== Task description ==
Nothing but the lines from the one containing "Rainbow Geometrical Tote" to the final line of the entries should appear, copied exactly and without pictures.

(Brief descriptive captions)
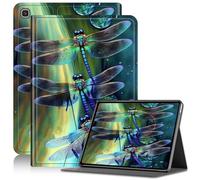 Case for Samsung Galaxy Tab A 10.1 inch Tablet SM-T510/T515/T517, Adjustable Stand Galaxy Tab A 10.1 Case 2019, PU Leather Cover with Auto Sleep/Wake for Galaxy Tab A SM-T510 Case,Green Dragonfly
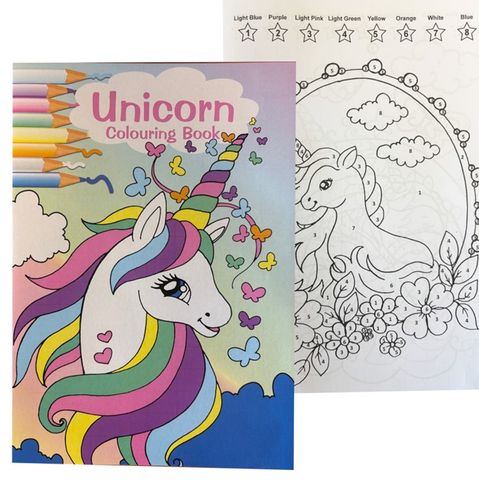 COLOURING BOOK UNICORN COLOUR BY NUMBERS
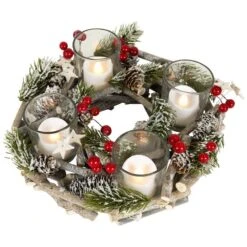 Northlight 10" Frosted Berries & Branches Votive Candle Holder 11 Northlight 10" Frosted Berries & Branches Votive Candle Holder -Michaels Store D253916S 11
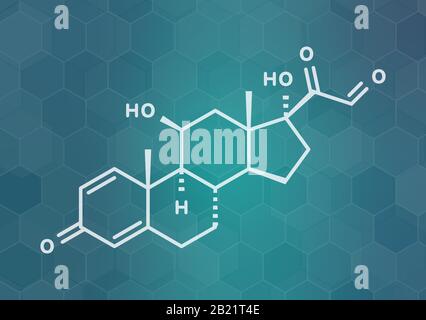 Molécule de médicament de corticostéroïdes de prednisolone, illustration Banque D'Images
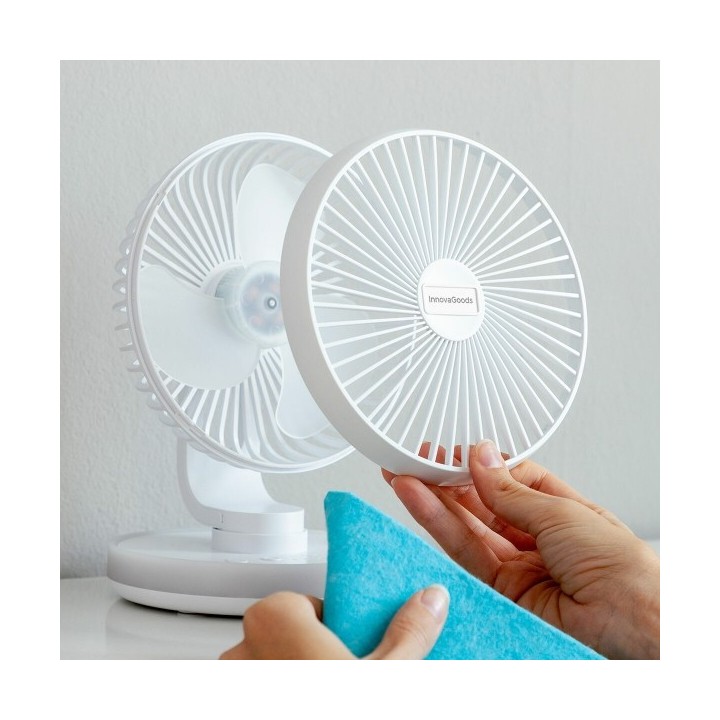 Ventilateur de Bureau Rechargeable avec LED FanLed InnovaGoods Ø6,6'' 4000 mAh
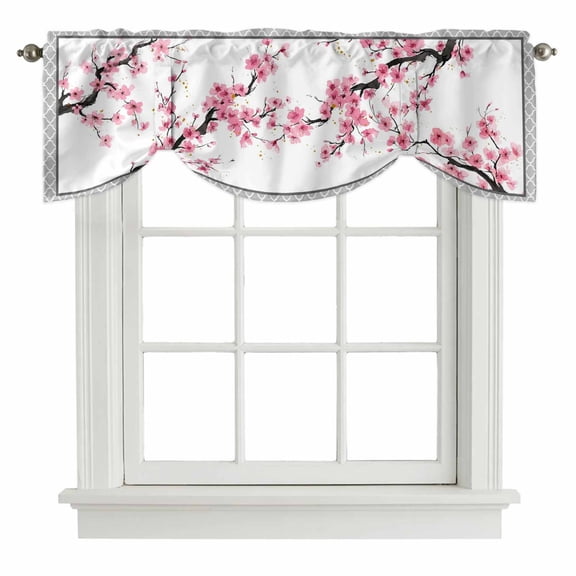 Spring Cherry Blossoms Tie Up Valance for Windows, Pink Flower Branch Gray Border Adjustable Rod Pocket Tie Up Valance Curtains Window Treatment for Kitchen Bathroom Bedroom 42 X 12 Inch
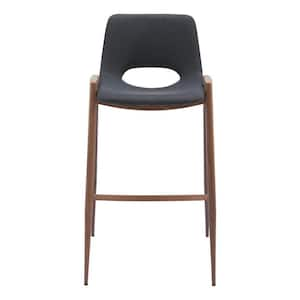 29.3 in. Black Low Back Metal Bar Chair with Upholstery Seat Set of 2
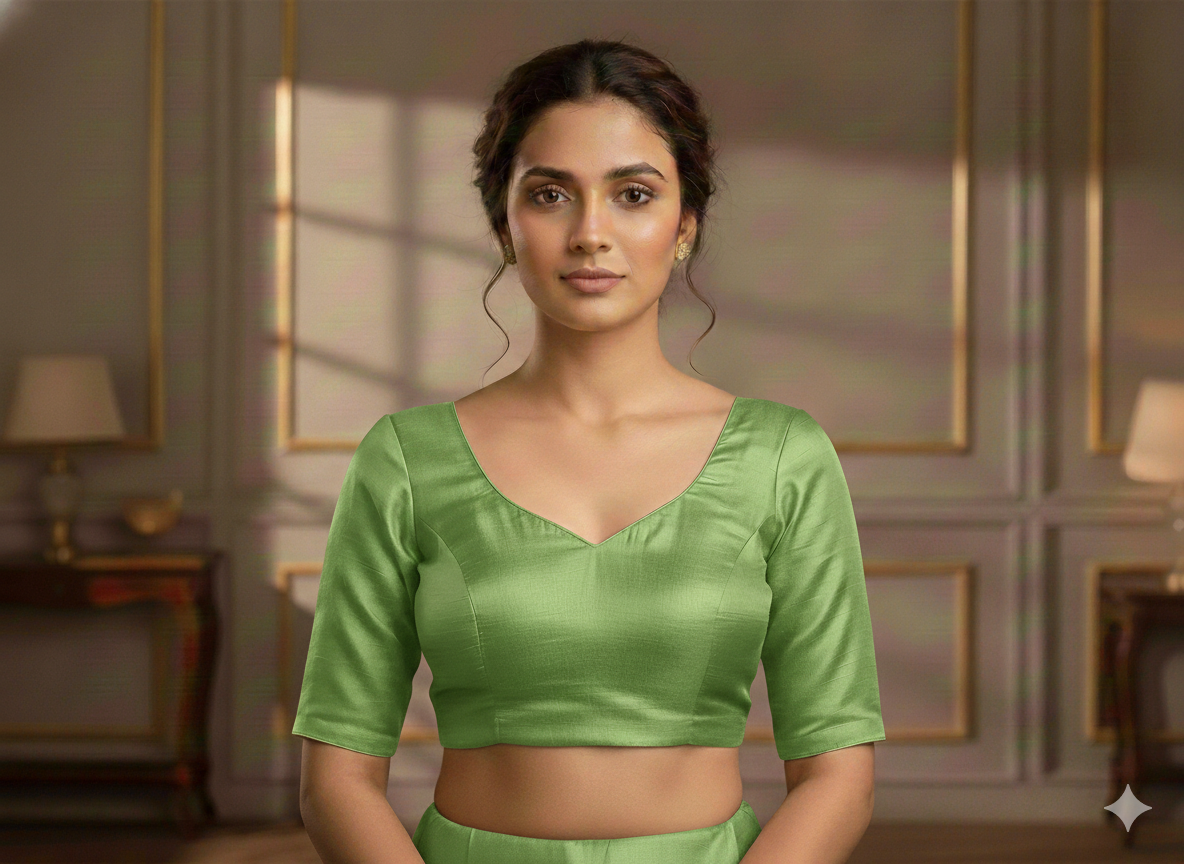 Pista Green Plain Bangalore Raw Silk Fabric  (Wholesale)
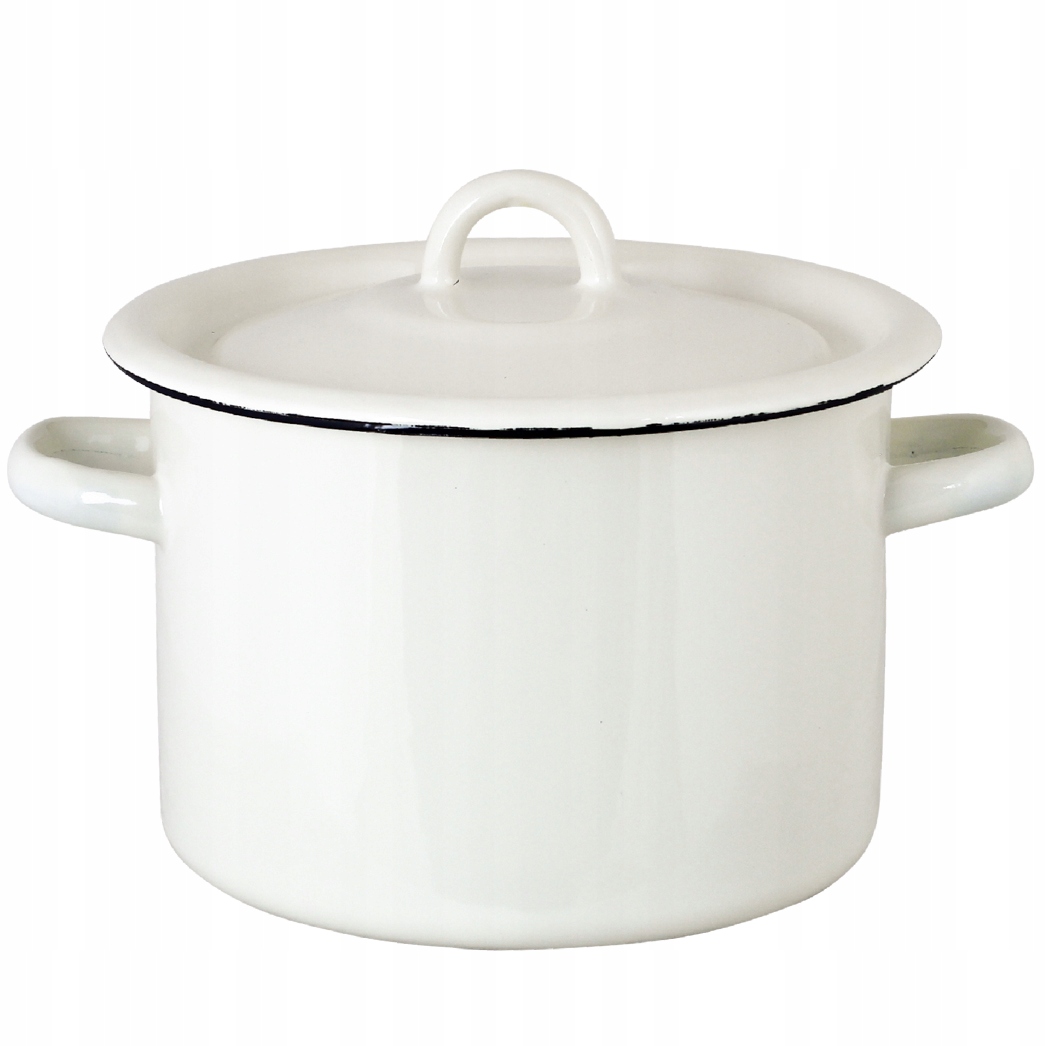 Hrnec 3 L Bílý S Víkem Z Ocel Pro Vaření Indukce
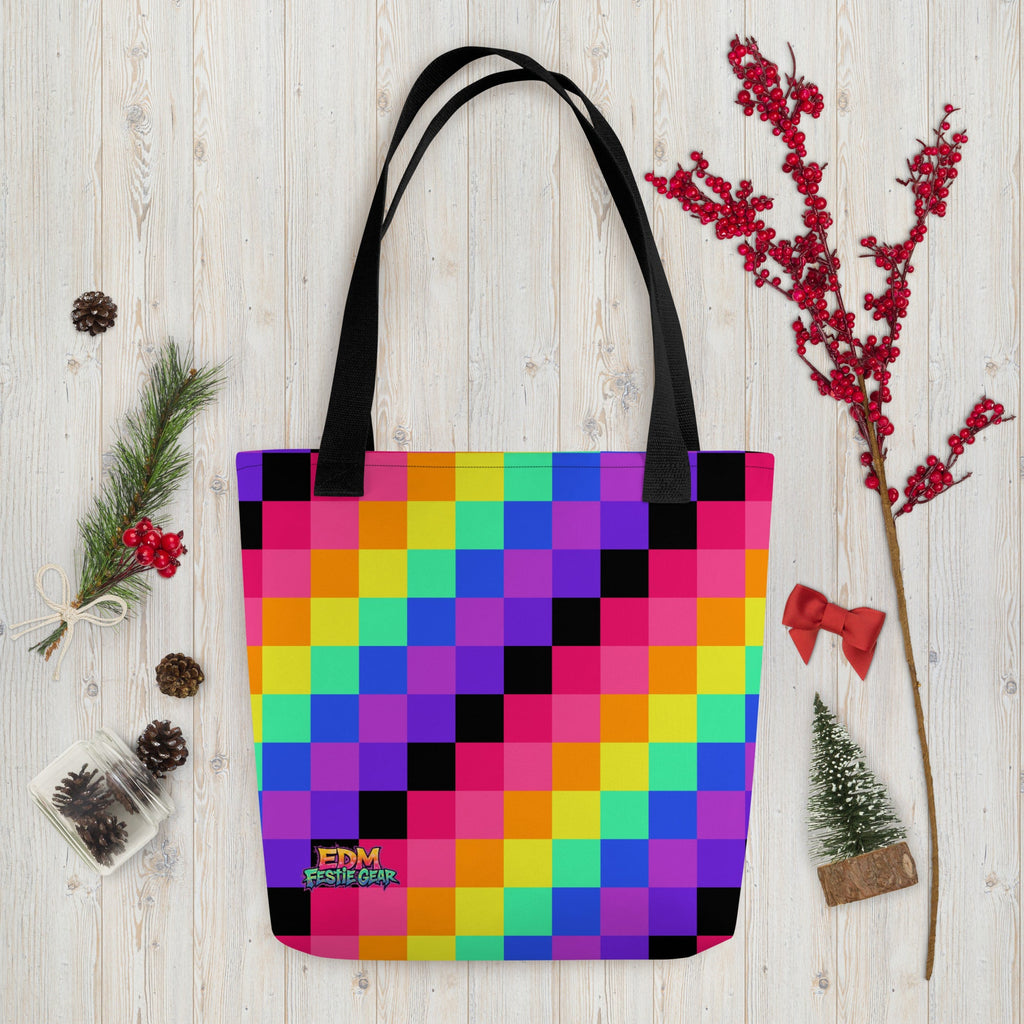 Rainbow Geometrical Tote Bag For EDM Rave Festival Outfit Clothing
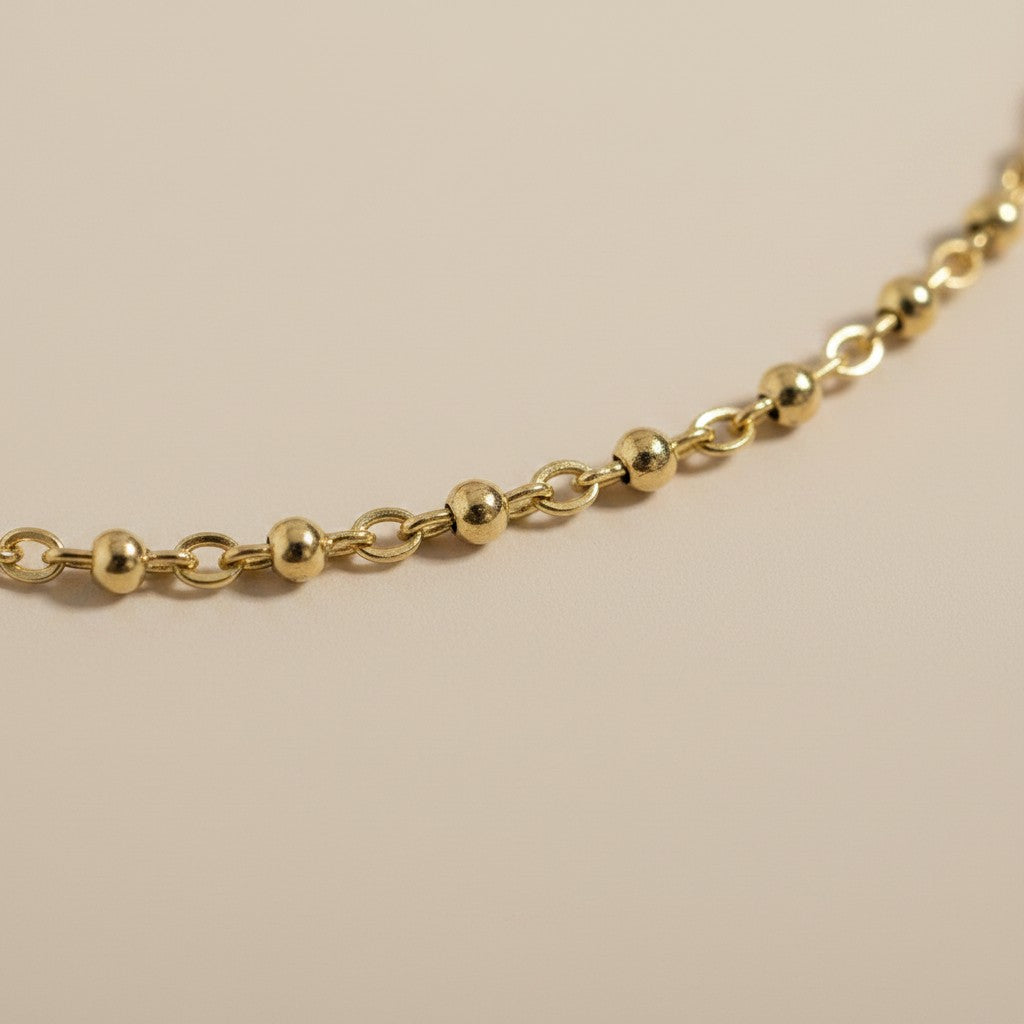 ✨ 18k Gold Filled Faceted Beaded Necklace — Subtle Shimmer, Endlessly Worn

== Your response ==
 Rainbow Geometrical Tote Bag For EDM Rave Festival Outfit Clothing
 ✨ 18k Gold Filled Faceted Beaded Necklace — Subtle Shimmer, Endlessly Worn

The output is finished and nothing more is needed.